Bununla birlikte, daha bir yıl öncesine kadar Avrupalı bazı siyasiler tarafından "beyin ölümü" gerçekleştiği iddia edilen NATO'nun Ukrayna kriziyle birlikte öneminin yeniden ortaya çıkması ve Rusya'dan gelen ciddi tehdit algısı nedeniyle İkinci Dünya Savaşı'ndan bu yana tarafsız kalan Finlandiya ve İsveç'in NATO'ya katılmaları yönünde gösterdikleri irade bu Zirve'yi başlı başına önemli kılıyordu.
Finlandiya ve İsveç neredeyse eş zamanlı olarak NATO'ya katılmaya karar vermiş, NATO müttefiki ülkeler ise kararı memnuniyetle karşılamış ve desteklemişti.
NATO'nun açık kapı politikasını destekleyen Türkiye'den konuya ilişkin olarak ilk açıklama ise Mayıs ortasında Cumhurbaşkanı Erdoğan'dan geldi.
Cumhurbaşkanı Erdoğan [Finlandiya ve İsveç'in üyelikleri konusunda] "…olumlu bir düşünce içerisinde değiliz. Teröristleri teslim etmeyeceklerine dair mesajları var. Bu iki ülkenin NATO'ya girmelerine 'Evet' demeyiz" şeklinde konuştu.

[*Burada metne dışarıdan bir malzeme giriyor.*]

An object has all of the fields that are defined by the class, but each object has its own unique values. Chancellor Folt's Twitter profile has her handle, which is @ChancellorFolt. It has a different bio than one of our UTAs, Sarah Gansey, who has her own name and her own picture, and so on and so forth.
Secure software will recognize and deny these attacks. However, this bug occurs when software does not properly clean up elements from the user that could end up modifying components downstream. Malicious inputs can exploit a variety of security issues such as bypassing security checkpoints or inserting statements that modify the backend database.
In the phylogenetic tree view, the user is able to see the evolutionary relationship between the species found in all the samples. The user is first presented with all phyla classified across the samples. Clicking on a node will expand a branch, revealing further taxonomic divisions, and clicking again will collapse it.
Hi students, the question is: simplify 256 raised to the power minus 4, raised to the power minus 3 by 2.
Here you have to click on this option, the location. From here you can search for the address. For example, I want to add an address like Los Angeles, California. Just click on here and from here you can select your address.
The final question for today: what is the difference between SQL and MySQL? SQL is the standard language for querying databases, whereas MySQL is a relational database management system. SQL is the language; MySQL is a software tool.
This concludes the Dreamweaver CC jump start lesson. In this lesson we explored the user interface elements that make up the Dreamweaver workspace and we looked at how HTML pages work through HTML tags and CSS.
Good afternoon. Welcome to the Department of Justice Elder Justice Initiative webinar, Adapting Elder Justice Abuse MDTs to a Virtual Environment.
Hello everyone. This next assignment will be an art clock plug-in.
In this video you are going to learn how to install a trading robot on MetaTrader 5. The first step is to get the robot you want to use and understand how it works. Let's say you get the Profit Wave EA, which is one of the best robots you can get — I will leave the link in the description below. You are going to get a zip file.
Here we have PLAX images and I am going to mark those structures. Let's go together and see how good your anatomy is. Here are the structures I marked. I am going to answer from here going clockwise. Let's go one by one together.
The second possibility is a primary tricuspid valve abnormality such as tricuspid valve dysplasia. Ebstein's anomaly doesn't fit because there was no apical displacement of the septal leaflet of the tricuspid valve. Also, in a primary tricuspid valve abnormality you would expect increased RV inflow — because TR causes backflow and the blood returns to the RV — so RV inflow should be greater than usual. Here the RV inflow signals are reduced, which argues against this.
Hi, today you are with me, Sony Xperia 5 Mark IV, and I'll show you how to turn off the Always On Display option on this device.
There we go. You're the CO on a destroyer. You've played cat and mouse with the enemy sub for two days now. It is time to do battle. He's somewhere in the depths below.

Finlandiya Cumhurbaşkanı Niinistö, basına verdiği bir mülakatta konuya şaşırdığını; zira yaklaşık bir ay önce Cumhurbaşkanı Erdoğan'la gerçekleştirdikleri telefon görüşmesinde Cumhurbaşkanı Erdoğan'ın konuyu gündeme getirerek Finlandiya'nın üyeliğini desteklediğini beyan ettiğini söyledi.
NATO Genel Sekreteri Jens Stoltenberg, Türkiye'nin haklı güvenlik kaygılarını teslim etti ve her iki ülkenin liderlerini Türkiye'nin hassasiyetlerini gidermek üzere diyalog yoluyla konuya bir çözüm bulunması yönünde teşvik etti.
Önce 25 Mayıs tarihinde Finlandiya ve İsveç'ten teknik düzeyde heyetler Ankara'ya geldi, bilahare Brüksel'de bir toplantı düzenlendi.
Madrid Zirvesi yaklaştıkça Türk yetkililer Finlandiya ve İsveç'in Türkiye'nin taleplerini karşılamaktan henüz uzak olduğu, bu nedenle uzlaşının Madrid Zirvesi sonrasına kalabileceği yönünde açıklamalarda bulunmaya başladı.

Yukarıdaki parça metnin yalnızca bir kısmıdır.